Article Preview
TopIntroduction
Data Mining is a process of discovering new, unexpected, valuable patterns from existing databases (Agrawal, Mannila, Srikant, Toivonen, & Verkamo, 1996; Chen, Han, & Yu, 1996). Data mining is finding increasing popularity in science and practice areas that need to analyze large amounts of data to discover patterns and trends, in which they could not otherwise find. Different applications may require different data mining techniques. The kinds of knowledge that could be discovered from a database are categorized into association rules mining, sequential patterns mining, classification and clustering (Daly & Taniar, 2004).
Clustering is the process of grouping a data set in such a way that the similarity between data within a cluster is maximized while the similarity between data of different clusters is minimized (Kwok, Smith, Lozano, & Taniar, 2002).
Clustering methods partition a set of objective into subsets such that objects in the same subsets are more similar to each other than objects in different ones according to some defined criteria (Ng & Wong, 2002). Clustering task does not try to classify, estimate, or predict the value of a target variable. Instead, they seek to segment the entire data set into comparatively homogeneous clusters.

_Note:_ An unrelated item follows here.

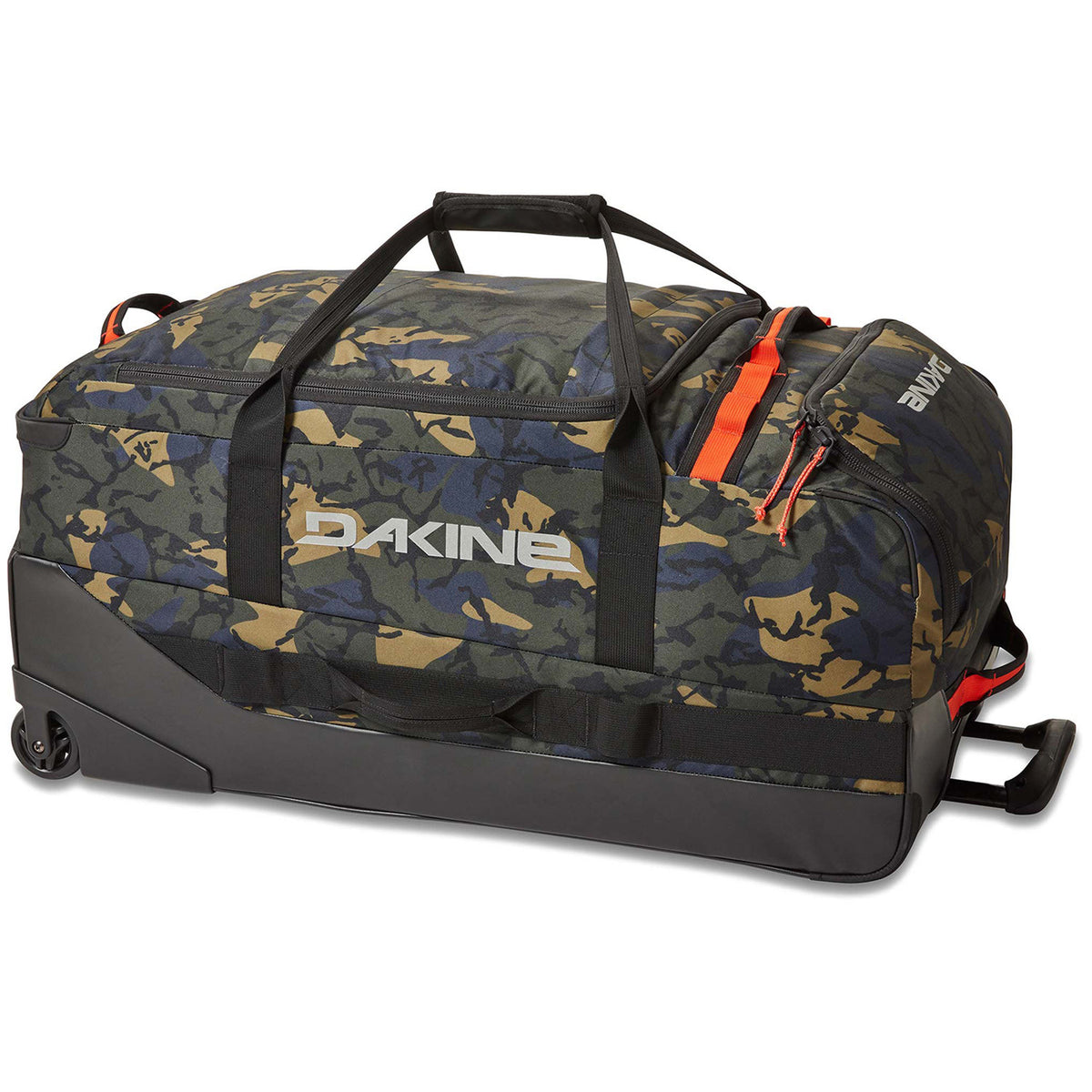 Dakine Torque Roller Duffle Bag Cascade Camo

The similarity of records inside each cluster is maximized and the similarity of records between clusters is minimized (Larose, 2004).
Resulting groups or clusters lead the end user to estimate great data values (Berson & Smith, 2002). One of the main advantages of clustering technique is that there is no need of basic knowledge regarding to data and we only have to choose a good index for measuring. Another advantage of this technique is to be appropriate for any kind of data by choosing a suitable criterion (Jain, Murty, & Flynn, 1999).

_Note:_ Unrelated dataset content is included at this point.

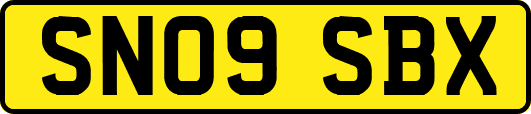 SN09SBX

Clustering has been effectively applied in a variety of anthropology, biology, medicine, psychology, statistics, mathematics, engineering, and computer science (Celebi, Kingravi, & Vela, 2013). It is often included as first step in data mining process and the results of clustering are used in the other models as inputs (Hand, Mannila, & Smyth, 2005). It should be considered that due to different aspects, clustering of observations is a difficult problem to solve and categorized in class of NP-complete problems (Güngör & Ünler, 2007).

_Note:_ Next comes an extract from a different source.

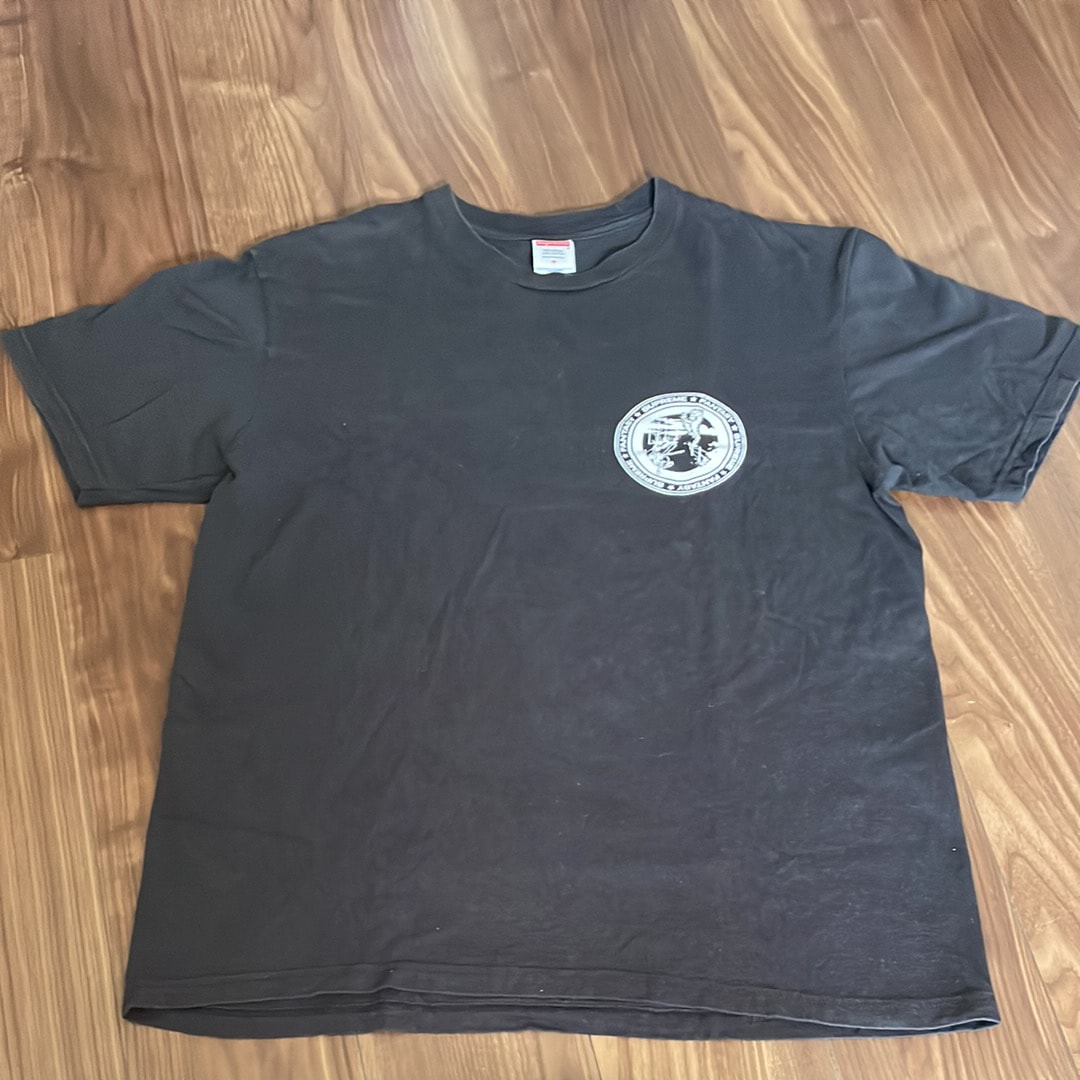 Supreme Devotion Tee "Black"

Clustering algorithms can be broadly classified into two groups: hierarchical and partitional (Jain, 2010). Hierarchical algorithms recursively find nested clusters either in a top-down (divisive) or bottom-up (agglomerative) fashion. In contrast, partitional algorithms find all the clusters simultaneously as a partition of the data and do not impose a hierarchical structure (Celebi, et al., 2013). In other words, partitional clustering algorithms divide the data set into non-overlapping groups (Jain, et al., 1999). Algorithms such as k-mean, bisecting k-mean, and k-modes belong to this category. Furthermore, some other bio-inspired algorithms like Artificial Neural Networks (ANNs), heuristics and Evolutionary Algorithms (EAs) are frequently applied for clustering problems.
K-means as one of the most famous clustering algorithm is a straightforward and effective way for finding clusters in data (Jain, 2010). The popularity of K-means can be attributed to several reasons. First, it is conceptually simple and easy to implement. Almost all data mining software includes an implementation of it. Second, it is versatile; meanwhile almost every aspect of the algorithm (initialization, distance function, termination criterion, etc.) can be modified. Third, it has a time complexity that is linear in N, D, and K (in general, D_N and K_N). For this reason, it can be used to initialize more expensive clustering algorithms. Fourth, it has a storage complexity that is linear in N, D, and K. Fifth, it is guaranteed to converge at a quadratic rate. Finally, it is invariant to data ordering, i.e. random shuffling of the data points (Celebi, et al., 2013).